= Exercise objective =
From the line containing "This is a photo" through the last line below, copy every line exactly, leaving out the pictures.

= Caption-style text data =
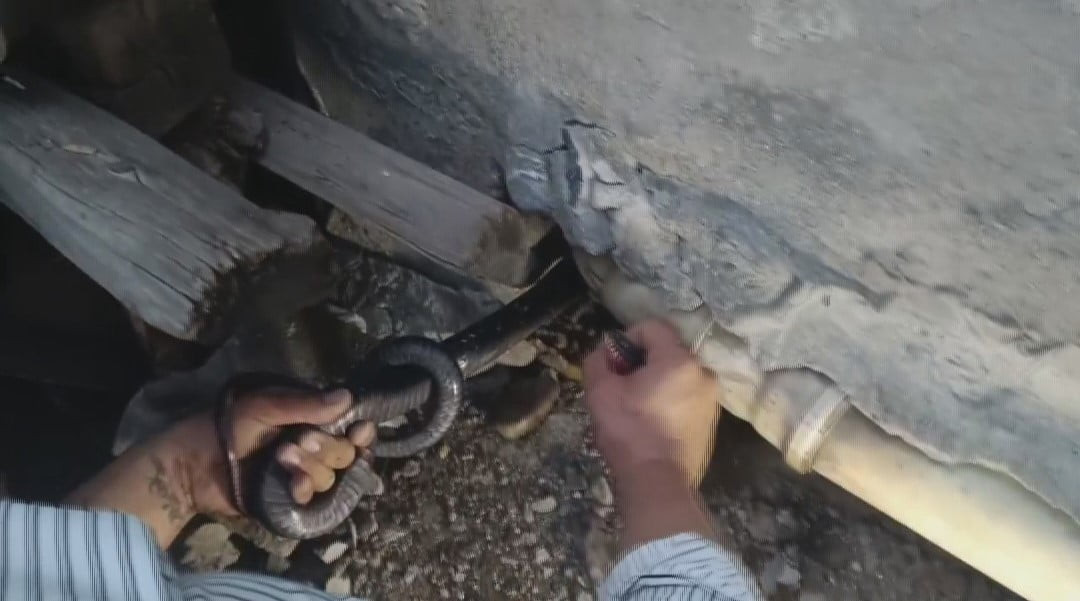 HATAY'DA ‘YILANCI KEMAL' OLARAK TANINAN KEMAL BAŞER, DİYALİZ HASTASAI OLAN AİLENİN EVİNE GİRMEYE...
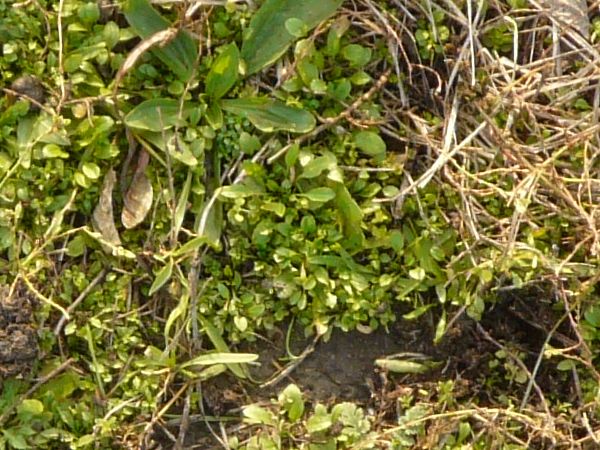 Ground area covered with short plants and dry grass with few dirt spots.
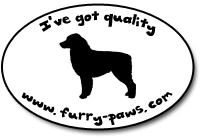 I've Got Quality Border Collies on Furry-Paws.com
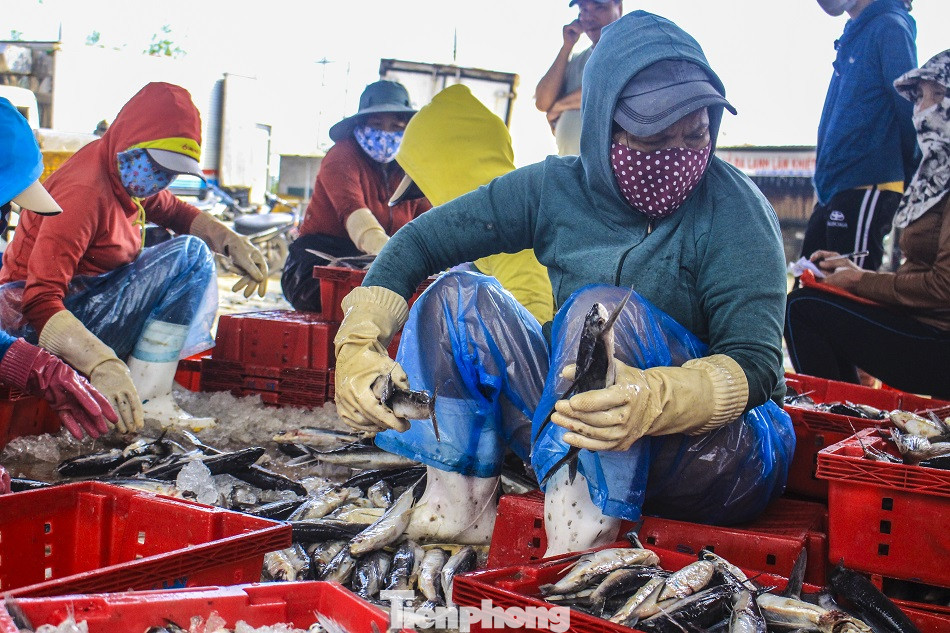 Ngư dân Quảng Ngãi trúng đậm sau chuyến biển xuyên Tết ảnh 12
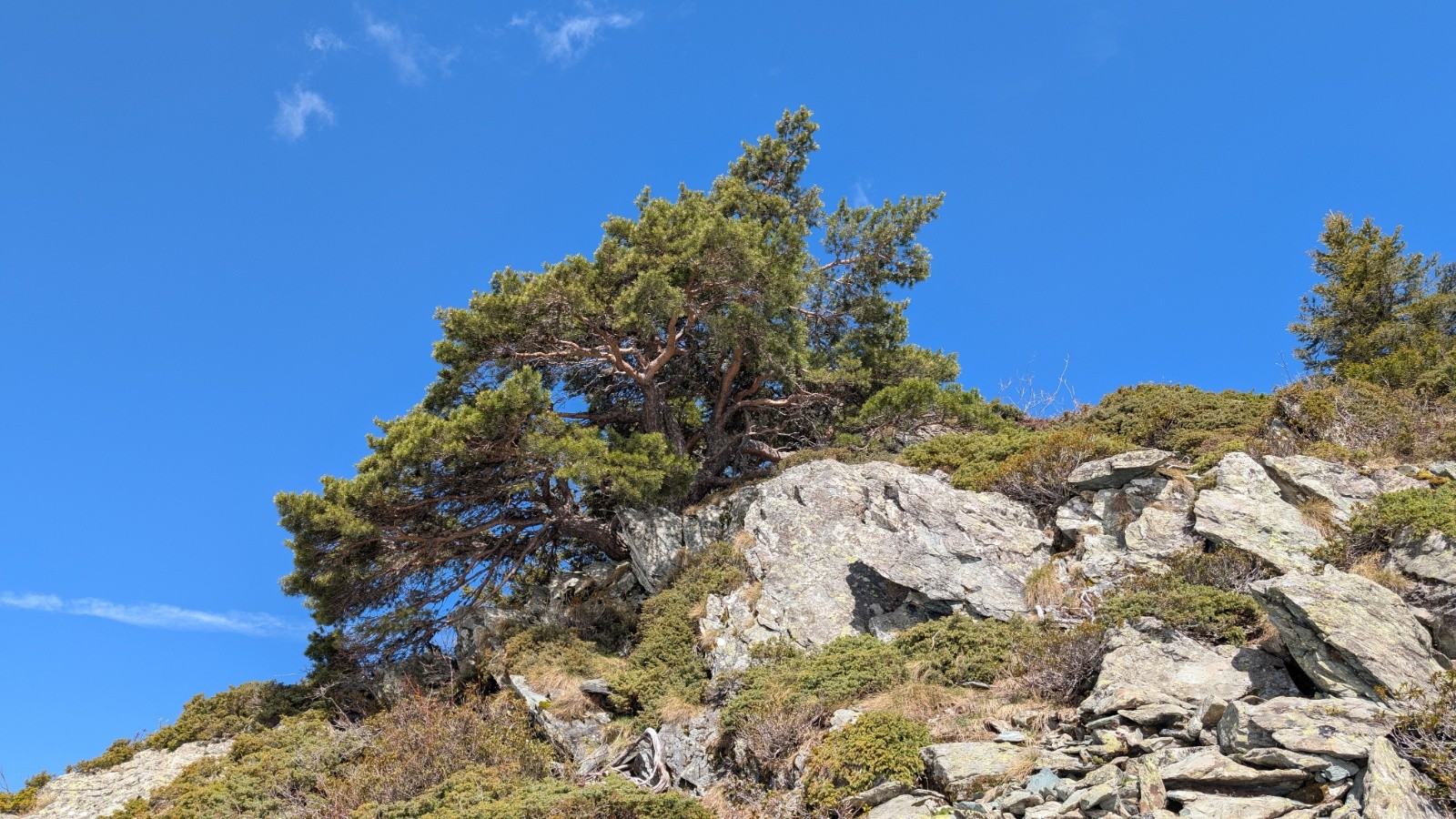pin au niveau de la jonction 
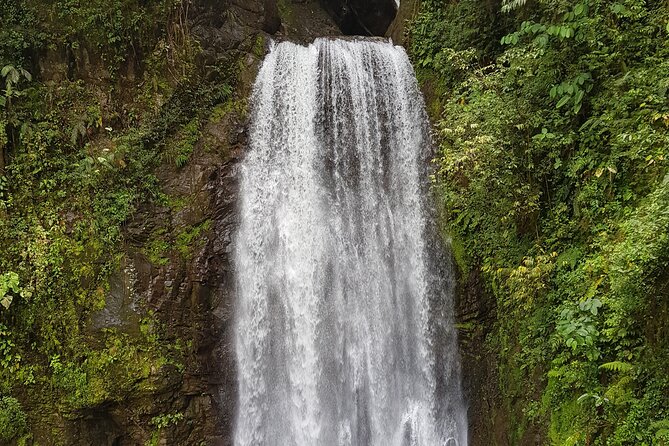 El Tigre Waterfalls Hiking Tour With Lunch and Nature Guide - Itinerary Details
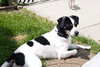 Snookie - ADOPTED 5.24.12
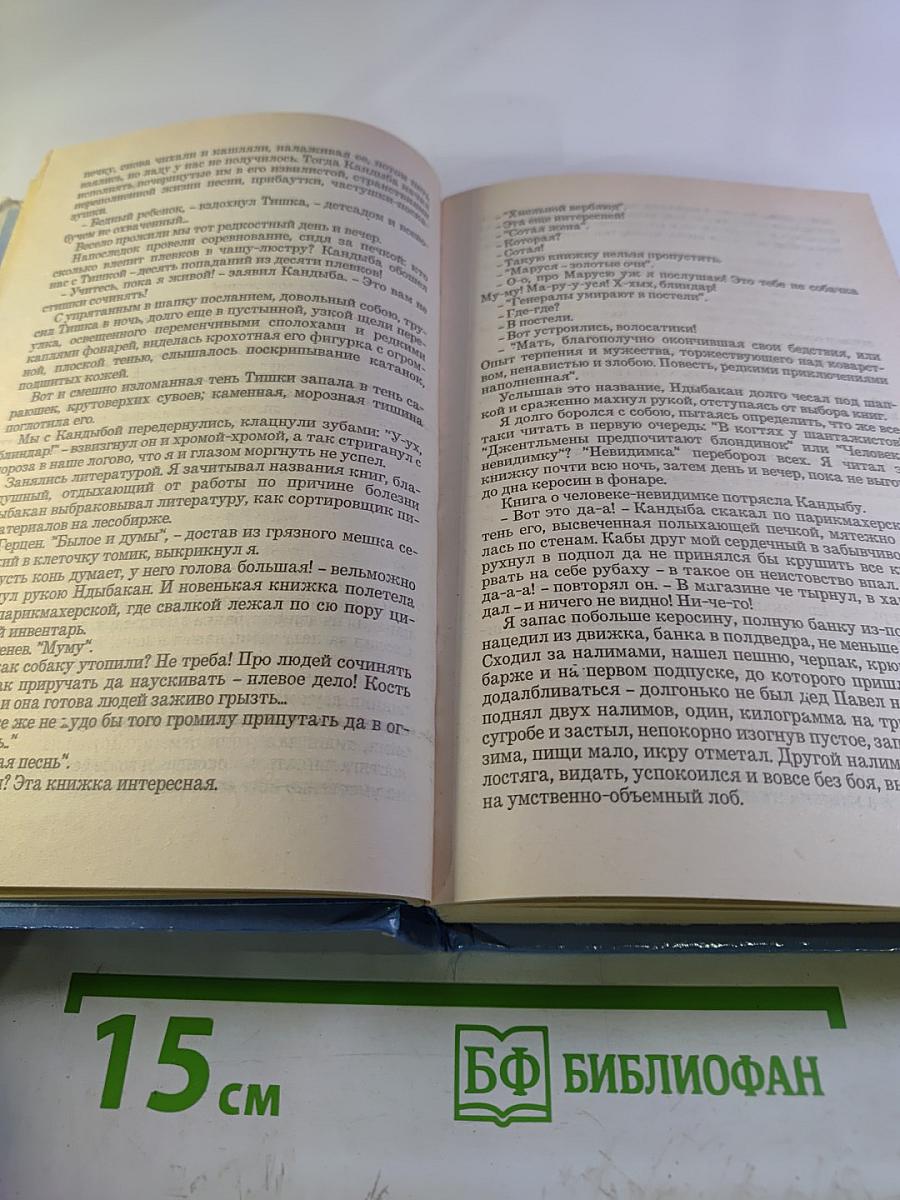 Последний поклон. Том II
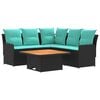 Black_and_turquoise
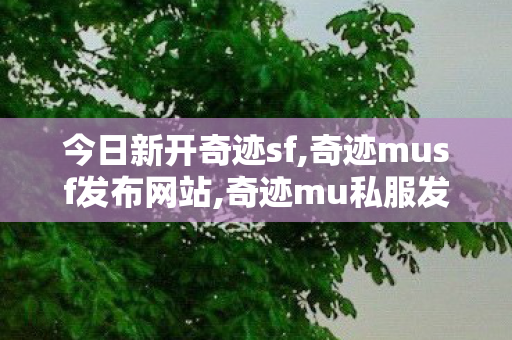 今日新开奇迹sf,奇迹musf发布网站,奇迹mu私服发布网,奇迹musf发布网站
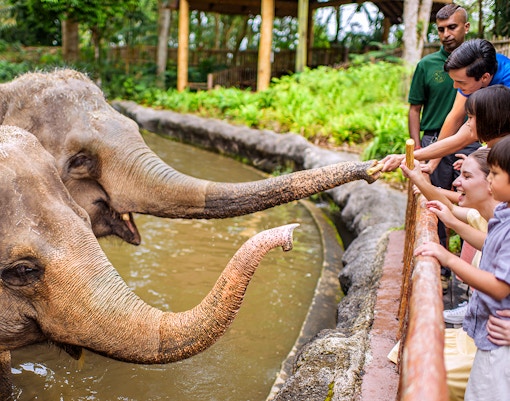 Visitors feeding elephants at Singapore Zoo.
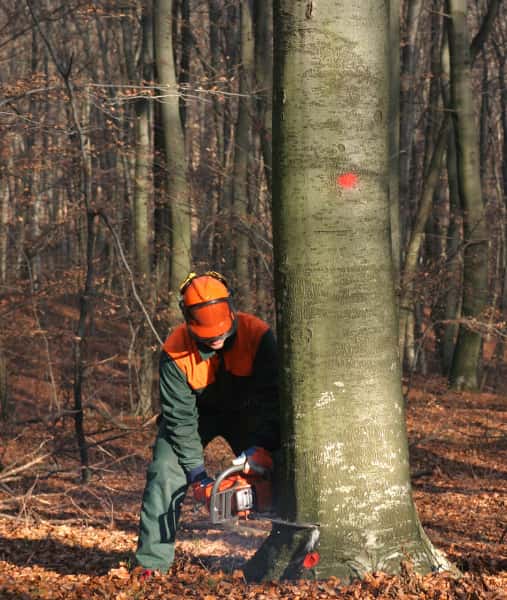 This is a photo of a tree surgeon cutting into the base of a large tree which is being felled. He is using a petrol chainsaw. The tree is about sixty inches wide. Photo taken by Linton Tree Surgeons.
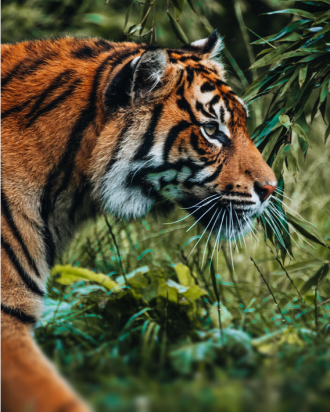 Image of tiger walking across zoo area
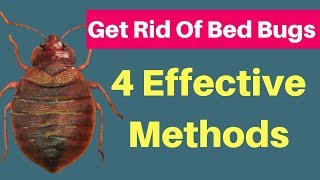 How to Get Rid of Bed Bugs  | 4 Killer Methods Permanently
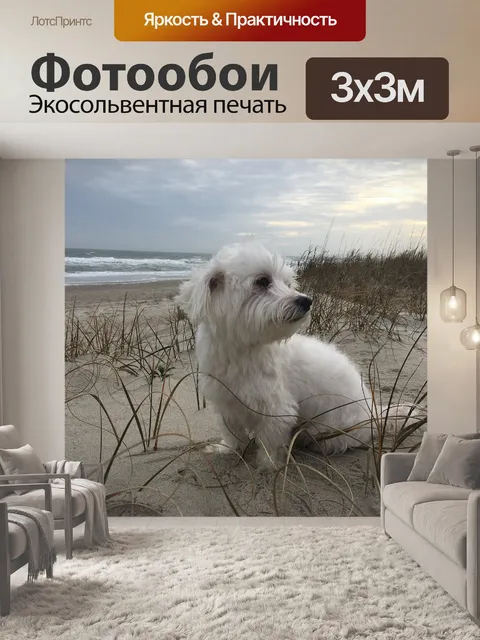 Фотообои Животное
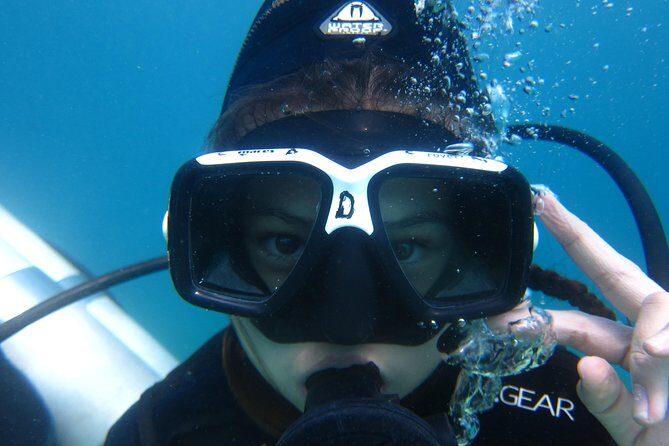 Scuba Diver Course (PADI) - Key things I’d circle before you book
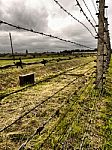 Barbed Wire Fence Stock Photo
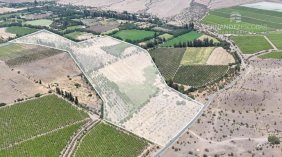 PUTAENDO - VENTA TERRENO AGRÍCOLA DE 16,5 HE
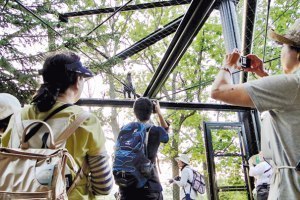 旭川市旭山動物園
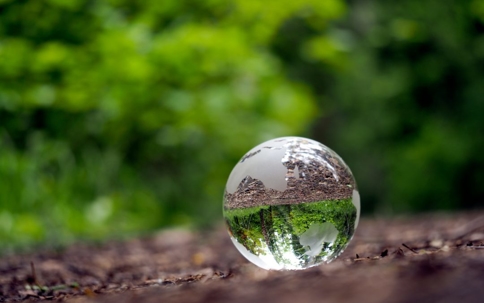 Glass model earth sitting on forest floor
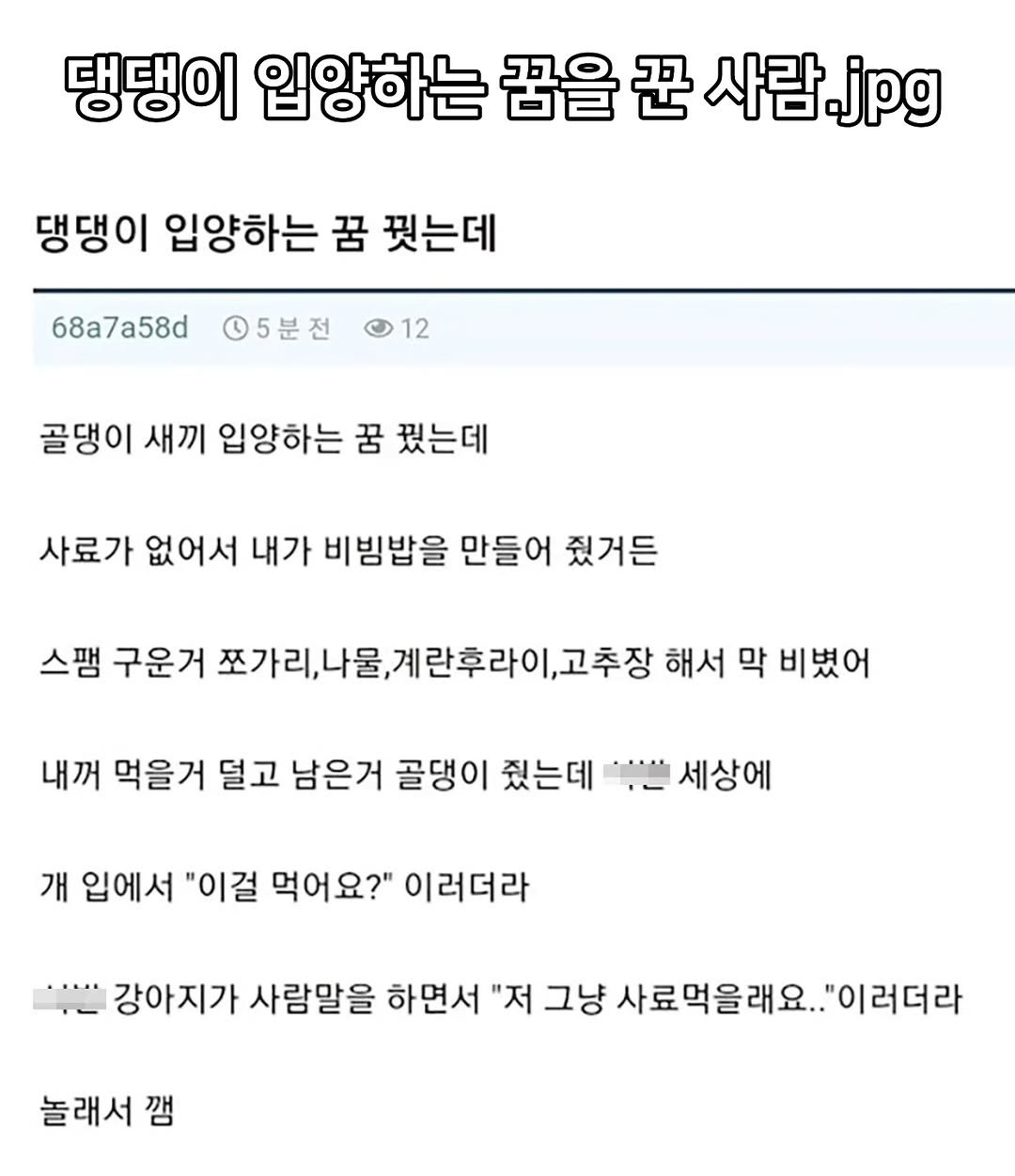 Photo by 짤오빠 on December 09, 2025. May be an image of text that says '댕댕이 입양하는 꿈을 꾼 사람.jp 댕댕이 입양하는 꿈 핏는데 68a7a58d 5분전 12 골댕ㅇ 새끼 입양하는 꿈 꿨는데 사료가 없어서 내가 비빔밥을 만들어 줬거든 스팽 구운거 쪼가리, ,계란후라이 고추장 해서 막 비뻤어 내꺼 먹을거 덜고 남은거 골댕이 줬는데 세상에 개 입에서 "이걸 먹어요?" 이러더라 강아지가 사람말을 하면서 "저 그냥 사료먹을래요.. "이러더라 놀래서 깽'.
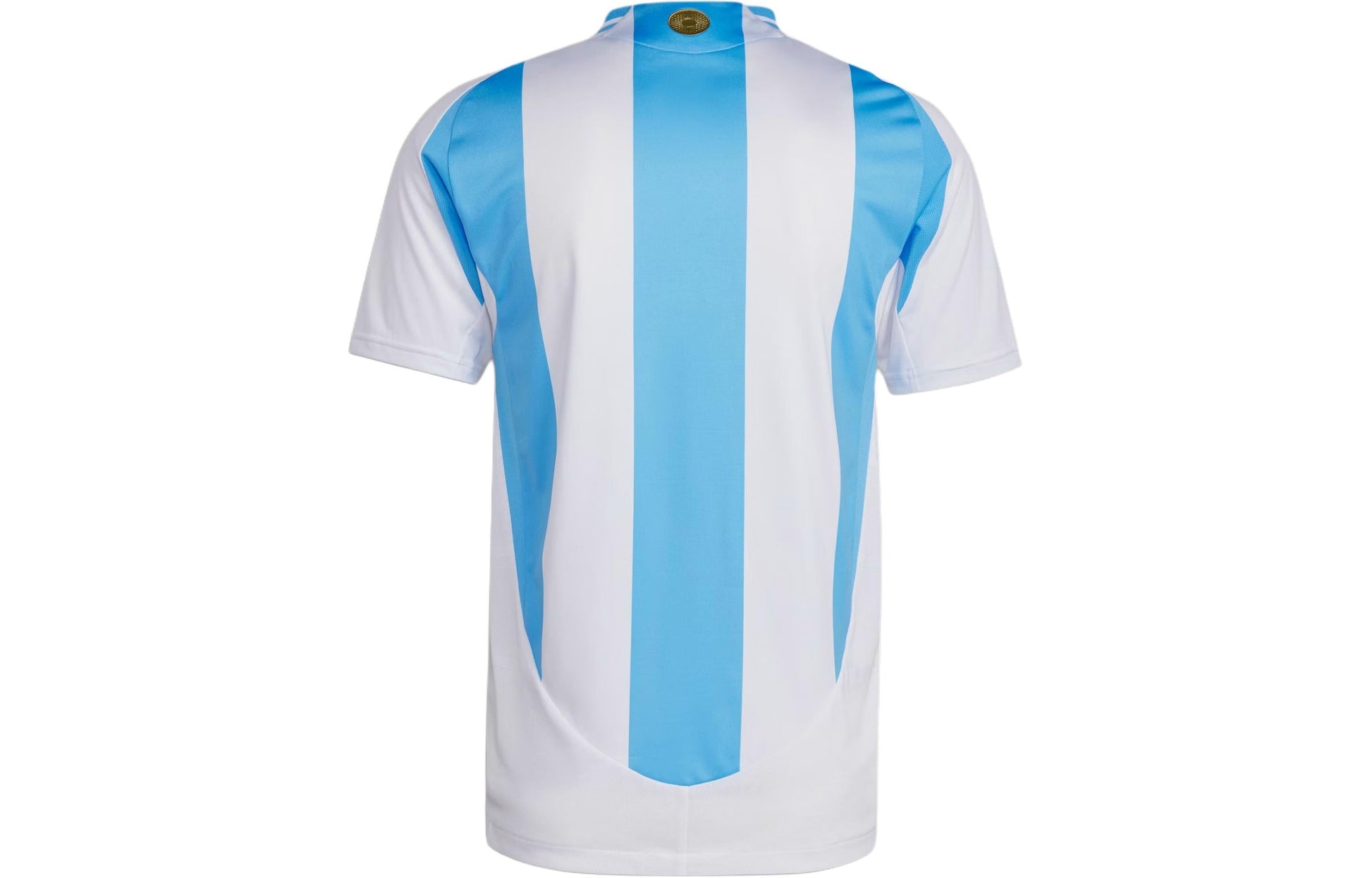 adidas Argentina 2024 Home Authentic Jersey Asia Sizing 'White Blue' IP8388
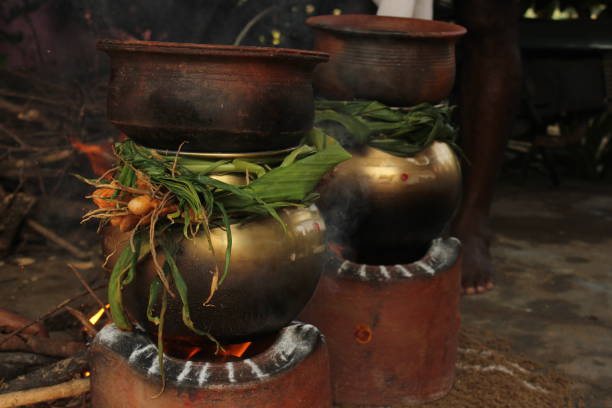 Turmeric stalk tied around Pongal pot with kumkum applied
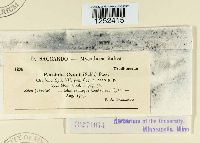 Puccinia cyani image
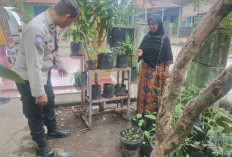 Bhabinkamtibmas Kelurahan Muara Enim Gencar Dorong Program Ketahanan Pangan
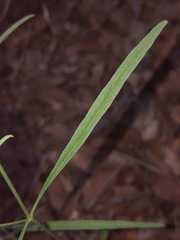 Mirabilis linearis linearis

= Task response =
 This is a photo of a tree surgeon cutting into the base of a large tree which is being felled. He is using a petrol chainsaw. The tree is about sixty inches wide. Photo taken by Linton Tree Surgeons.
 Image of tiger walking across zoo area
 How to Get Rid of Bed Bugs  | 4 Killer Methods Permanently
 Фотообои Животное
 Scuba Diver Course (PADI) - Key things I’d circle before you book
 Barbed Wire Fence Stock Photo
 PUTAENDO - VENTA TERRENO AGRÍCOLA DE 16,5 HE
 旭川市旭山動物園
 Glass model earth sitting on forest floor
 Photo by 짤오빠 on December 09, 2025. May be an image of text that says '댕댕이 입양하는 꿈을 꾼 사람.jp 댕댕이 입양하는 꿈 핏는데 68a7a58d 5분전 12 골댕ㅇ 새끼 입양하는 꿈 꿨는데 사료가 없어서 내가 비빔밥을 만들어 줬거든 스팽 구운거 쪼가리, ,계란후라이 고추장 해서 막 비뻤어 내꺼 먹을거 덜고 남은거 골댕이 줬는데 세상에 개 입에서 "이걸 먹어요?" 이러더라 강아지가 사람말을 하면서 "저 그냥 사료먹을래요.. "이러더라 놀래서 깽'.
 adidas Argentina 2024 Home Authentic Jersey Asia Sizing 'White Blue' IP8388
 Turmeric stalk tied around Pongal pot with kumkum applied
 Puccinia cyani image
 Bhabinkamtibmas Kelurahan Muara Enim Gencar Dorong Program Ketahanan Pangan
 Mirabilis linearis linearis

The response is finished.